Please repeat, exactly and without pictures, the lines of the entries below that run from the one containing "801 NW Main Street, Ennis, TX 75119 - Photo 1" through the one containing "द्वीप का हवाई".

● Source data
--- START ---

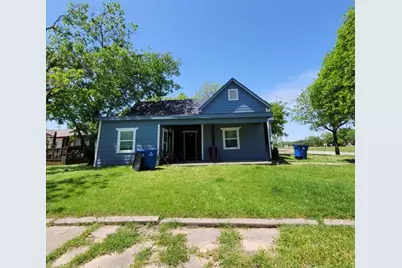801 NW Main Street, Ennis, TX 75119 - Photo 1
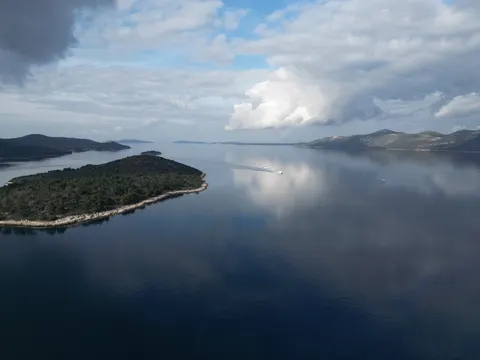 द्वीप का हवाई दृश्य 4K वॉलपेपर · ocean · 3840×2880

--- END ---
--- START ---

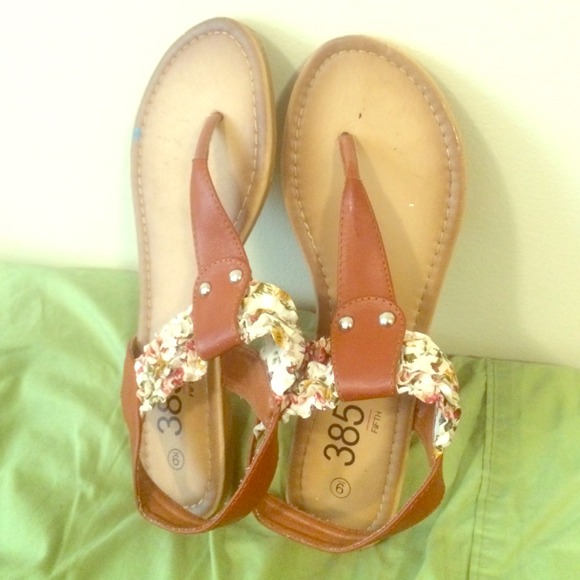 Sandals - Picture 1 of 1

--- END ---

● Output for this task
801 NW Main Street, Ennis, TX 75119 - Photo 1
 द्वीप का हवाई दृश्य 4K वॉलपेपर · ocean · 3840×2880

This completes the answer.